If Blu-ray is just a replacement for DVD, what are the advantages? The advantages can be summed up by one word - capacity. Blu-ray will offer a huge leap in capacity over DVD, with capacities starting at 25GB (two and a half times the capacity of a dual-layer DVD disc). 25GB is just the start - it is likely that Blu-ray will be able go up to 200GB a disc - phenomenal storage in a medium no bigger than an existing CD or DVD.
As Blu-ray is seen as a replacement for DVD, it will be used as a storage media for computer data and high-definition movies. Computer drives supporting Blu-ray have already hit the streets, but at around $1,000 they aren't for everyone. Discs are also pricey, and expect to pay around $1 per GB (that is, a 25GB disc is around $25 while a 50GB costs about $50).
As with any new technology, there's a learning curve that anyone wanting to stay cutting-edge has to climb. The different media formats seem to be causing some confusion. There are four formats:
Read-only discs for movies, games and so on. Think CD-ROM or DVD-ROM.
Recordable discs that can be written to once (think CD-R). This can be used for movies or data.
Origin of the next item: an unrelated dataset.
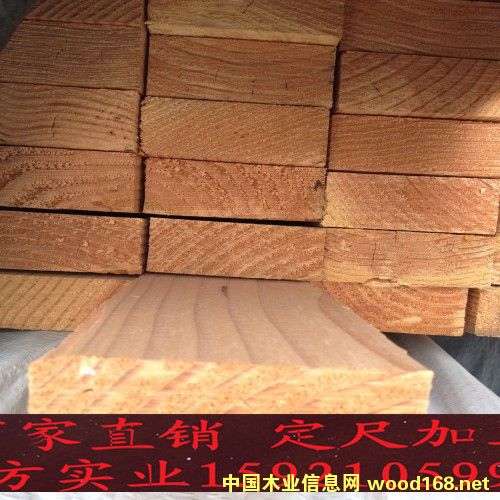 花旗松的詳細(xì)介紹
Re-writable discs that can be written to and erased multiple times (think CD-RW). This can be used for movies or data.
- BD/DVD hybrid
This is designed to work with both Blu-ray and DVD drives
With Blu-ray also comes new security and DRM features. It seems that Hollywood is keen to tighten up on pirates and those that tinker with their systems and Blu-ray might have a hardware kill switch that can be triggered over the Internet.
There's no doubt that Blu-ray is heading mainstream, and it is likely that games consoles will be the way that most home users will get their introduction to the system, in particular PlayStation 3 users who will be buying a cutting-edge games console with a built-in Blu-ray player.
How long Blu-ray will take to become as mainstream as DVD is hard to tell, especially since to it depends on consumers making the leap to high-definition TVs. It's likely to be a tougher sell to consumers, especially given the current prices and poor range of movie titles, but in the long run it's a safe bet that it will be a winner.